Understanding how users interact with your LLM applications is key to improving them. A crucial part of this is analyzing entire conversations or "sessions." However, tracking sessions usually requires you to add a unique `session_id` to every API request, which can be a hassle to implement and maintain.

<Note>
  **[View session traces](https://app.requesty.ai/sessions)** in the Requesty Console.
</Note>

Requesty's gateway removes this burden with **Automatic Session Reconstruction**. You can send your LLM interaction data to us as-is, and we will automatically group related interactions into coherent sessions for you.

## What It Means For You

* **Zero Implementation Effort**: You don't need to modify your application code to generate or manage session IDs. Simply send us the interaction data, and we'll handle the rest.
* **Accurate Conversation Tracking**: Get a clear view of the entire user journey or your agentic flow, from the first prompt to the final response.
* **Powerful Analytics**: With sessions correctly identified, you can analyze conversation length, user engagement, topic flow, and other critical metrics that depend on understanding the full context of an interaction.

## How It Works

Our system intelligently analyzes the content of the messages in each interaction and automatically identifies if it's a part of an existing session.

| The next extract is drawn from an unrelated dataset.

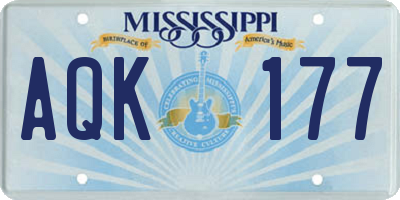 MS license plate AQK177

For example, if a user starts a conversation:

1. **User's first turn:**
   * `system`: "You are a helpful assistant."
   * `user`: "What is the capital of France?"
   * `assistant`: "The capital of France is Paris."

Our service sees this is the start of a new conversation and assigns it a new session ID internally.

If the user continues the conversation:

2. **User's second turn:**
   * `system`: "You are a helpful assistant."
   * `user`: "What is the capital of France?"
   * `assistant`: "The capital of France is Paris."
   * `user`: "What is its population?"
   * `assistant`: "The population of Paris is over 2 million."

Our service recognizes that this new interaction contains the complete history of the first one, plus a new question and answer. It automatically identifies it as part of the **same session** and links it to the previous interaction.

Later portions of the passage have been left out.